Five Kiva Ruin hasn’t been protected. There are no rangers present to control access at the ruin. There is a trail going down the cliff side and up the other side to enter the ruin. It has been vandalized over the years, but from our viewpoint on the east side of the canyon it looked wonderful.
The drive north to Moab was only 75 miles and we enjoyed the early morning time to visit the ruin before departing for our next camp. Dan hiked down the trail a bit but toward the bottom it got lost in rocks and brush so he decided against attempting to get closer to the ruin.
Along the road to the ruin is a view of a natural bridge on the opposite side of the small, narrow canyon. The bridge is parallel to the canyon and doesn’t cross it so it a bit difficult to see in the morning light. Look closely at the photo above in the upper right, the bridge is the lighter colored rock toward the top of the photo and the opening behind it was eroded by water to create the bridge.
Returning to our camp, we were packed up and on the road by 11. The highway is decent between Blanding and Moab, passing through the tiny town of Monticello. When traveling in Utah if one is interested in beer or wine it is important to know that neither of those items can be purchased in a grocery store, or on a Sunday anywhere. We stopped in Monticello at the state liquor store on the way back from the Needles on Saturday and found the wine and beer selection to be sadly limited. If you want good wine or dark craft beer, bring it with you to Utah.
Before long we passed the turn to the Needles and the beautiful La Sal mountains dominated the sky to the northeast. The highest peak in the La Sals is more than 12,000 feet high and is the highest point on the Colorado Plateau.
The salmon pink slickrock formed in Navajo and Entrada sandstone forms lovely domes and soft eroded shapes that dominate the landscape as the highway approaches Moab.
We saw a scenic turnout at Wilson Arch, a dramatic window right next to the highway. The parking area was filled, and there were quite a few people crawling up to the arch on the short trail.

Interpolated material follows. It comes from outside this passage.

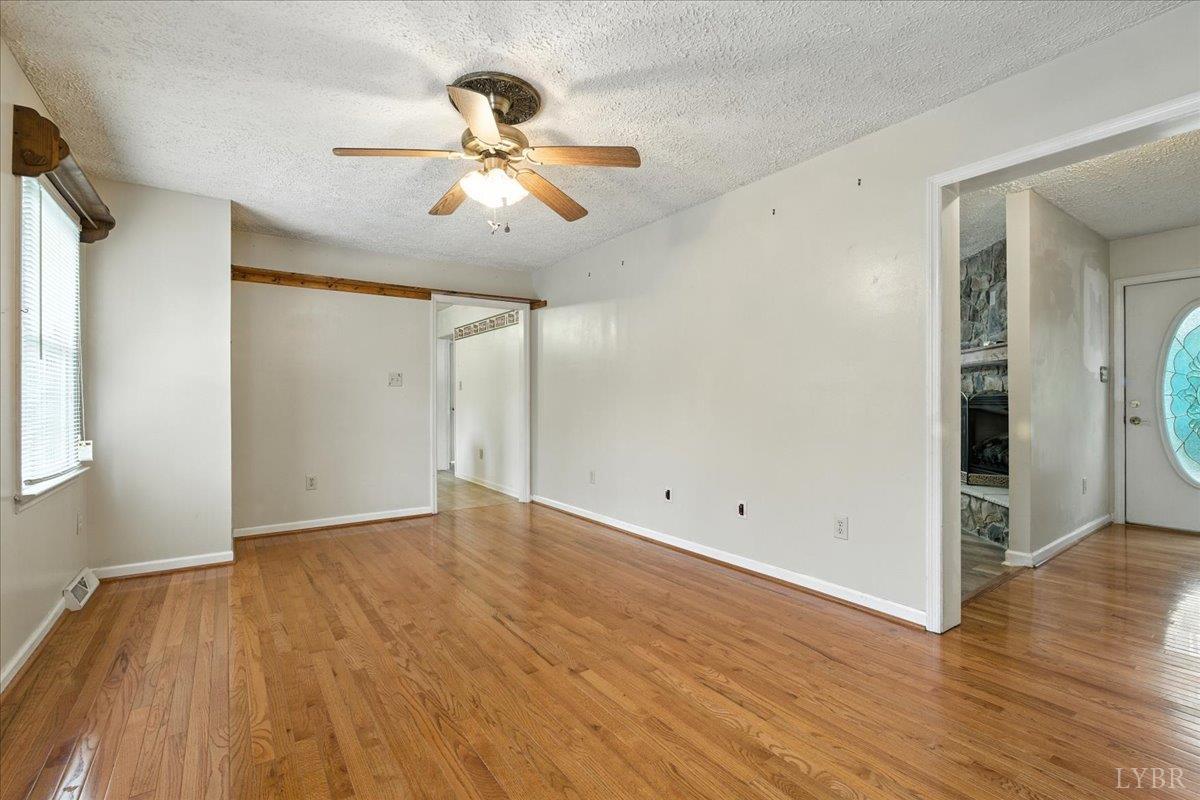 2926 Forbes Mill Road Bedford, VA 24523 - Photo 7 of 36 a view of an empty room with wooden floor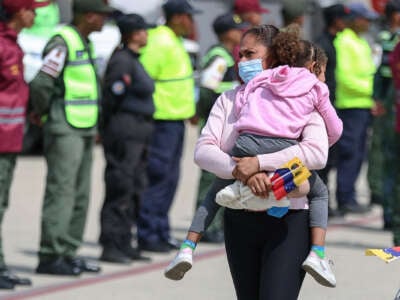 A woman wearing a medical face mask carries her daughter in one hand and a tiny Venezuelan flag in the other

It was a pretty introduction to our next few days which would be dominated by many arches.
We arrived at the Moab KOA RV Park just after the official 1PM check in time. Our sites were in the upper newer section of the park, with some young trees, sites that were well spaced, and a random occurrence of cement patios. We happened to get a site with a cement patio. Because of this piece of luck, the four of us ate most of our meals at our patio.
Our experience at the park was quite pleasant, with the highway noise only slightly tiresome in the early evening. The people in the part of the park where we camped were considerate and quiet. Most had some form of ATV with them, or a high clearance vehicle of some kind. Others had both, in addition to their electric bikes. I never heard any noise or partying during the entire three nights we camped at the park.
A moment of serendipity happened while we were in Moab. I received a text message from an old friend from my life in Coeur d Alene almost 20 years ago. Joan and her husband, Gordon, had just arrived in Moab and knew from my blog that we were there. In addition, another friend had also arrived in Moab at the same time. Patty and Les and Joan and Gordon were camped in the same park and planned on spending a few days together in the area.
We set up a time to meet and I drove to their park for a short visit. It was great seeing them. None of this was planned, and it seemed amazing to me that all of us ended up in the same place at the same time. Small world for sure.